Title: | Multi-armed Bandits: Competing with Optimal Sequences |

The paper considers a version of the nonstochastic bandit problem in which the player competes with the best action in each step, and the regret is expressed in terms of the sum V_T over time of the infinity norm of the difference between two consecutive loss vectors. In the noisy version of this problem, which is the main focus of the work, the player does not directly observe the loss of the chosen action, but rather the realization of a [0,1]-valued random variable whose expectation is equal to the loss. A previous paper showed that the optimal regret rate is T^{2/3}V_T^{1/3}, and analyzed an algorithm achieving this rate when V_T is known. In this work the authors introduce a different algorithm achieving a weaker (and possibly suboptimal) bound when V_T is unknown. The solution (for the noisy case) uses concentration to spot blocks of consecutive steps in which the losses vary too much to allow regret control. The algorithm explicitely distinguishes exploration and exploitation phases, and a different statistical test is used in each phase in order to detect nonstationarities.
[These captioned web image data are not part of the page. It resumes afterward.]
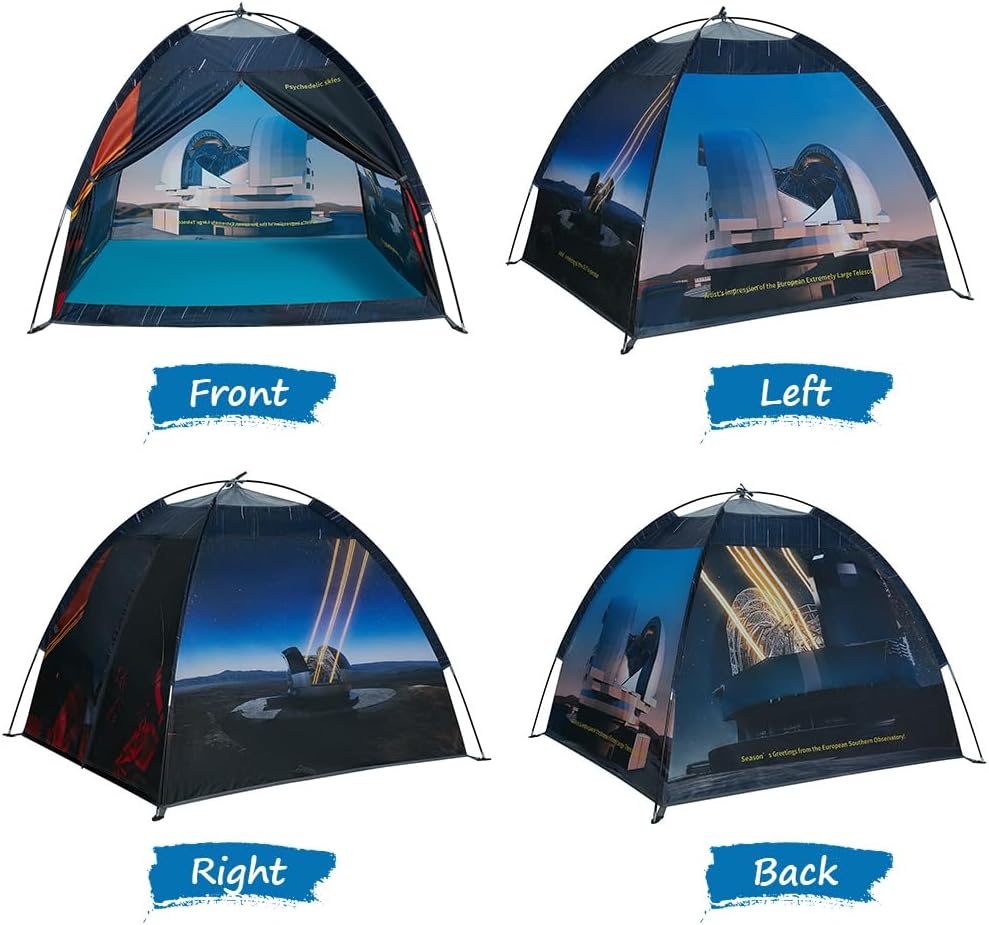 Magnetic Kids Play Tent - 61'x61'x45' Imaginative Popup Dome Playhouse for Kids Indoor/Outdoor Fun - Observatory Space Theme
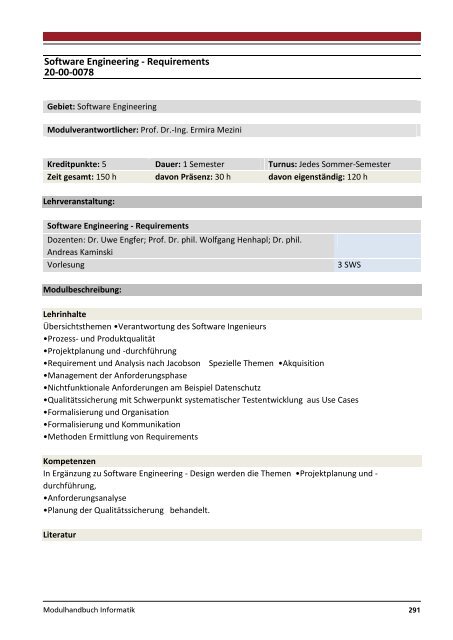 Modulhandbuch Wirtschaftsinformatik | B.Sc. und M.Sc.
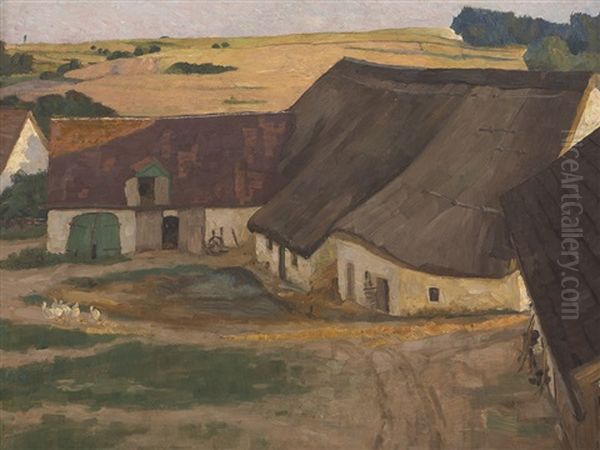 Farm In Field Landscape - view 1
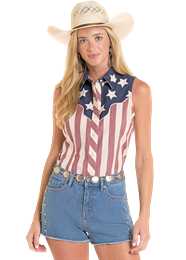 Rock & Roll Women's Sleeveless Blouse STYLE BWN0S08656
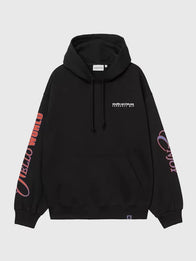 Carhartt WIP Audio Archives WIP Hoodie Hoodie unisex detail view 2 | Dash Racegear — Black Carhartt WIP Audio Archives pullover fleece hoodie with bold graphic, perfect for streetwear and music lovers.
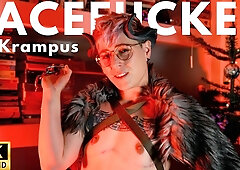 Facefucked by Krampus - Jaq Quicksilver Punishes You With POV Demon Cock and Big Clit Facefucking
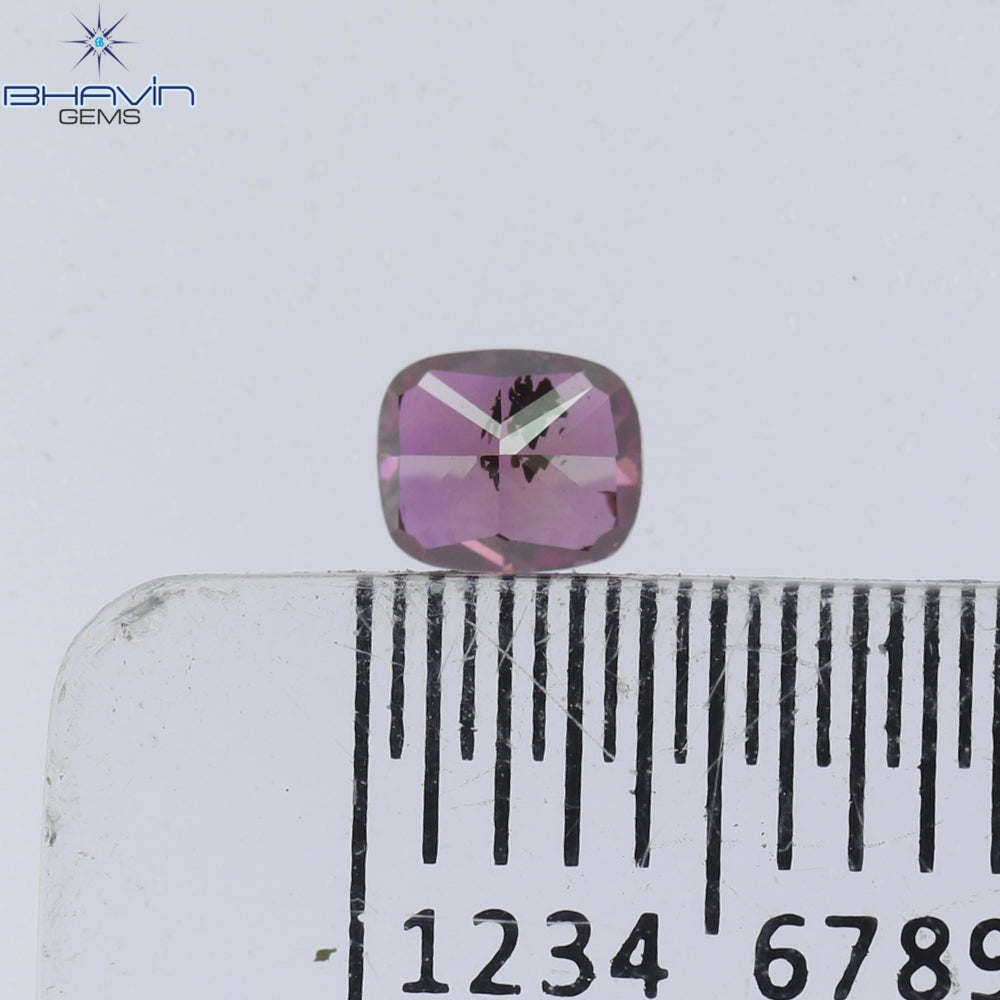 0.21 CT, Cushion Diamond, Vivid Pink Color, Clarity I1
The problem is interesting, even in the noiseless case. Neither the algorithm not its analysis (which does not seem to contain any striking new ideas) are well explained in the paper. Could the algorithm be run with lambda=0? This choice seems to give a good and interpretable regret bound. There might be connections with works that deal with the "best of both worlds" problem in the bandit setting (see, e.g., Bubeck and Slivkins in COLT 2012). Namely, algorithms that play optimally both in the stochastic and nonstochastic setting. They use similar statistical tests to assess the stationary/nonstationary nature of the loss sequence. The rate achieved in the noiseless case (which is achieved without knowledge of V_T) is essentially equivalent to the optimal rate for the noisy case. It would be interesting to understand what is the optimal rate for the noiseless case. In summary, the paper has the merit of providing a solution to an interesting and intriguing problem. On the other hand, few insights are provided about the techniques, and the algorithm is not particularly appealing. The choice of the parameters in the bound could perhaps be improved.

2-Confident (read it all; understood it all reasonably well)

The paper analyzes a MAB problem with two parms in an adversarial setting and analyzes the design of algorithm that achieve sublinear regret with respect to the optimal sequence of actions (as opposed to the best single arm in hindsight). When an upper on the variation is known to be V_T and V_T= o(T), earlier work has shown that the minimax regret is given by O(T^{2/3}V_T^{1/3}). However, the algorithm previously proposed has access to V_T and can be tuned accordingly. In the present paper, the authors propose an algorithm that does not require knowledge of V_T and has regret of order O(T^{0.771} + T^{0.82} V_T^{0.18}).

I found the paper quite interesting and the analysis novel. On the improvements side, I found the paper would have been stronger with a lower bound that shows the potential price one needs to pay due to the lack of knowledge of the variation. At least an informed discussion of conjectures would be useful. I found the paper would also benefit from clarifying the formulation and in particular the space of actions of the adversary. In a minimax regret setting, the adversary will take V_T to be as high as possible. Is it assumed that the adversary has a constraint on the variation V_T (but is free except from that) and the algorithm designer does not know this constraint? A mathematical formulation of the full minimax problem (with proper action spaces and informational structure) would be helpful.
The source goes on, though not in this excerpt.